1989
Designed
416 ac.
Project Size
Galen and Hilary Weston, Windsor Properties
Client
350
Units
Windsor is a resort village located on Florida’s east coast, a three-hour drive north of Miami. Nestled within 416 acres of a former grapefruit grove, the village is bounded by a golf course and two polo fields. At its core is an intimately scaled neighborhood designed in the urban tradition of the Caribbean.
Windsor represents a radical departure from conventional residential development in the United States. Designed to function as a complete community, its center is composed of a complex of buildings that includes a general store, post office, restaurant, cafe, office space, an inn, and apartments. The center serves both as a focus for daily public life and as a gateway to the community. Among other community facilities within walking distance of the center are the meeting hall, the equestrian center, and the beach, tennis, and golf clubs.
The typical golf course community has wide roads with minimal spatial definition and large homesites of a half-acre or more, set back far from the street. Though the village lots at Windsor are not as large, the small scale of the streets permits courtyard homes of generous proportions.

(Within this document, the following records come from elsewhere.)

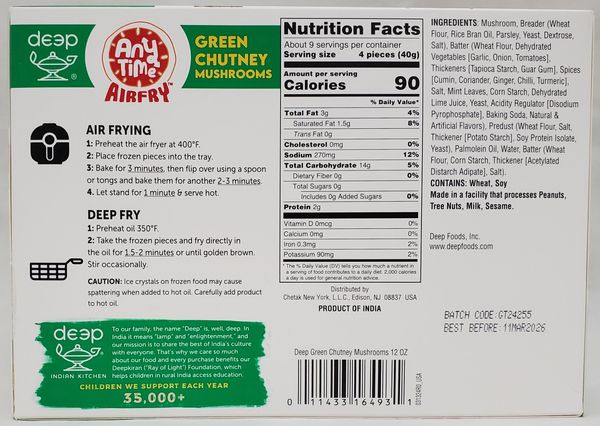 Green Chutney Mushrooms 12Oz
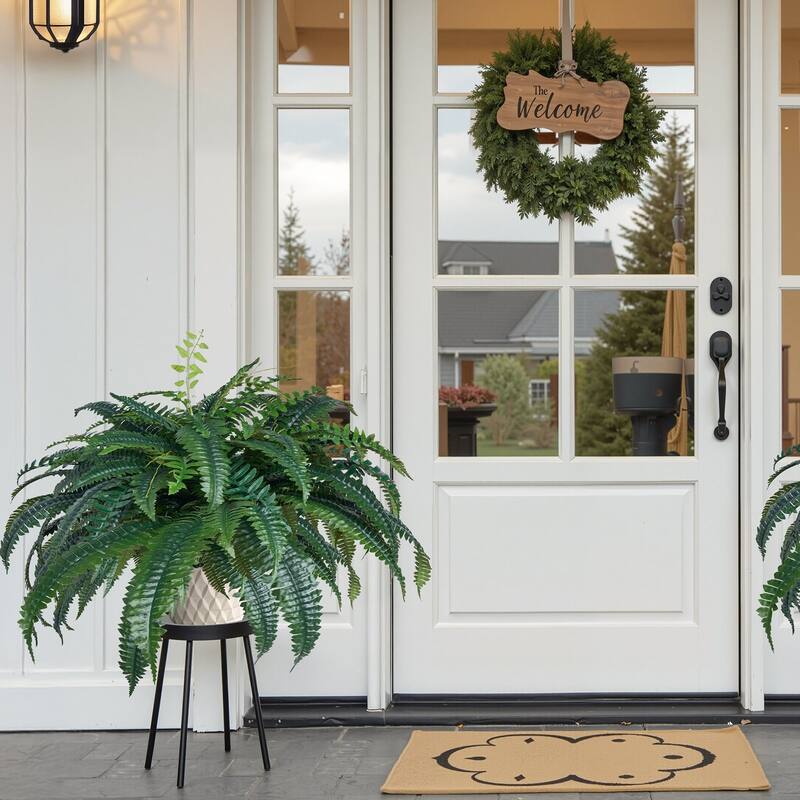 Green Artificial Silk Fabric Large Boston Fern Plant with Lush Branches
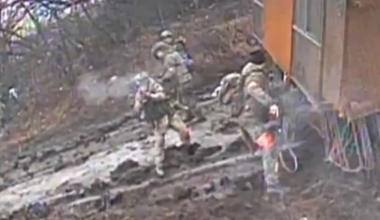 A fiber-optic FPV drone lands on a newly landed Russian armored group near Pokrovsk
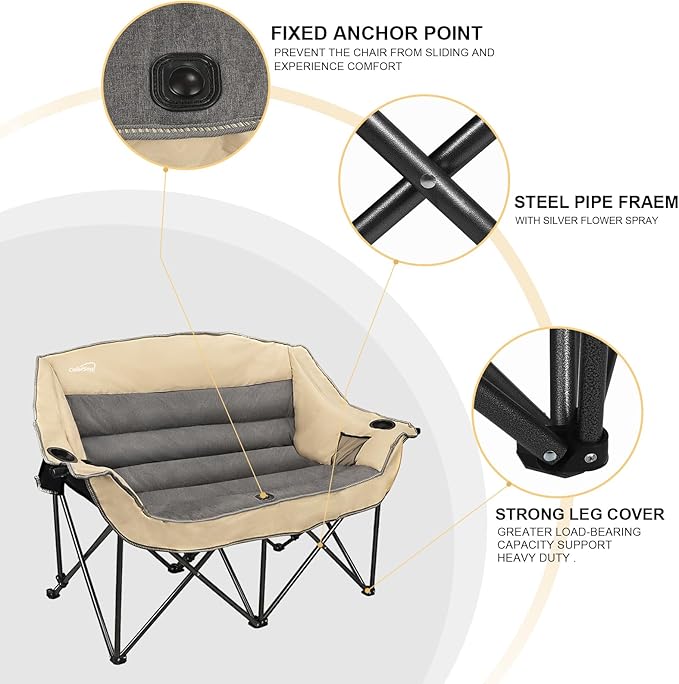 2 Person Fully Padded Camping Chair Oversized Loveseat Camping Chair Double Camping Chairs for Adults Heavy Duty Outdoor Camping Couch, Padded Seats & Armrests, 600Lbs, Beige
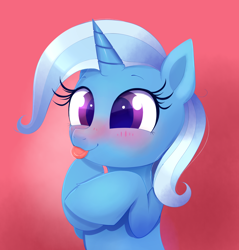 Size: 1796x1881 | Tagged: safe, artist:confetticakez, trixie, pony, unicorn, g4, :p, blushing, cute, diatrixes, female, gradient background, hooves to the chest, mare, raspberry, silly, silly pony, smiling, solo, tongue out, weapons-grade cute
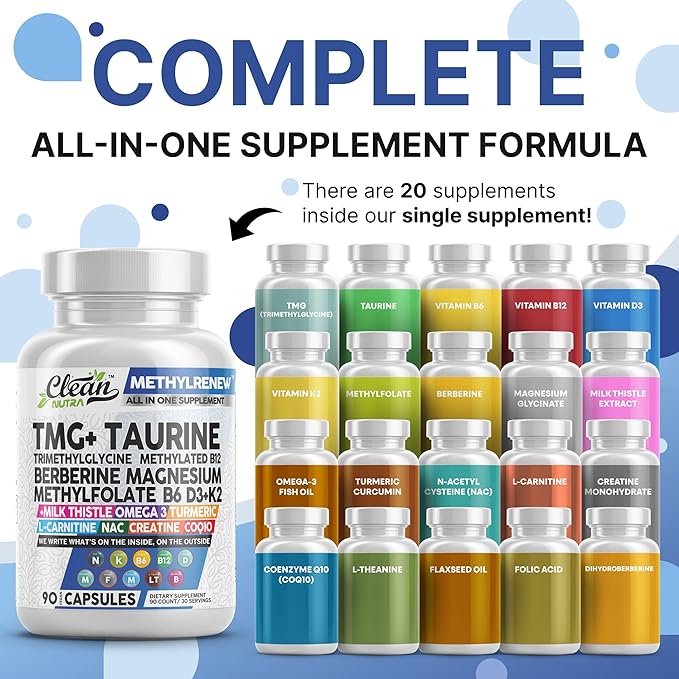 Clean Nutra Methylated Multivitamin for Women Men TMG Taurine Supplement + B6 Vitamins, B12, D3 K2, Magnesium Methylfolate Milk Thistle Omega 3 Turmeric NAC L Carnitine Creatine COQ10 B Complex Caps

The close proximity of houses to one another fosters an environment in which casual interactions with neighbors are frequent, while garden walls provide the option of a private outdoor space. Windsor also features a broad range of building types that are intermingled in a manner not seen in conventional developments, where segregation of building types is the norm. Surrounding the edge of the golf course are large estates and inside the village are courtyard and sideyard homes alongside smaller cottages, rowhouses, and apartment villas.
The high density and variety of housing options are possible because of the rigor of the Windsor plan and the accompanying regulations that secure its build-out. The Urban Regulations require houses and continuous garden walls to be built at the property line, defining the streets and squares of the village and forming private gardens. The Architectural Regulations mandate the vernacular architecture of the region, with masonry at the first floor, wood construction above, and porches, balconies, and roof overhangs. With the exception of the Poundbury Code, this is the most precise small town code designed by DPZ.